Open and Transparent Quality Mark 2016/17, 2017/18, 2018/19 and 2019/20

Equality, monitoring and data

When we ask you to provide information about yourself in an equality monitoring form, we are doing this so we can ensure that we deliver our services fairly and to meet your needs. This is called monitoring. What you tell us about yourself helps us to meet our statutory duties under the Equality Act 2010 by helping us eliminate discrimination, harassment and victimisation, promote equality of opportunity and foster good relations between people who share a protected characteristic and those who do not.

Although you provide us with personal details on forms, it is only sections on age, disability, gender reassignment, marriage and civil partnership, pregnancy and maternity, race, religion and belief, sex and sexual orientation (known as protected characteristics). that we use for monitoring and when we process this information, we do so within strict laws to make sure that we protect the information we collect and deal with it responsibly.

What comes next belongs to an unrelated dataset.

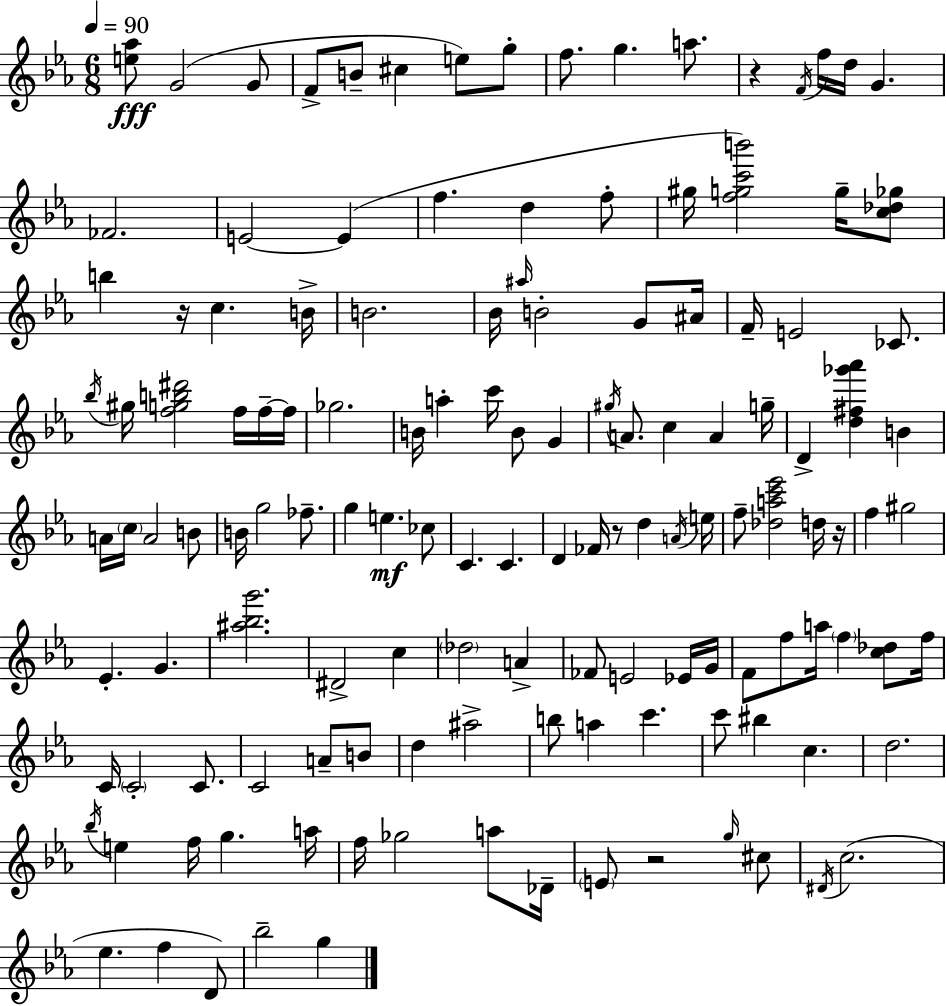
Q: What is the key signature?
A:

Further information about how we do this can be found here.

When you give information about protected characteristics, it will only be used to make things better. When we use protected characteristic data, we won’t know it’s you because it will be processed separately from the data that identifies you (for example your name) and it will be used for statistical monitoring purposes only.

Statistical monitoring helps us to understand any barriers and take actions to ensure that we make adjustments to assist anyone with protected characteristics to overcome these barriers. We hope by doing this it will improve our processes. It helps us to plan improvements to our policies and services in relation to people with these protected characteristics. Without monitoring, it is hard to know whether our policies and services are being delivered fairly or meeting the diverse needs that people have.

An example of how we could use monitoring information

If the monitoring data shows there are lower numbers of successful applications for our staff or volunteer roles from people reporting a protective characteristic, we are able to investigate and identify what barriers might be preventing those people from being successful in their applications and to address them. For example, a pre-recruitment programme could assist people to gain recruitment skills such as completing application forms, interview techniques and understanding our organisation.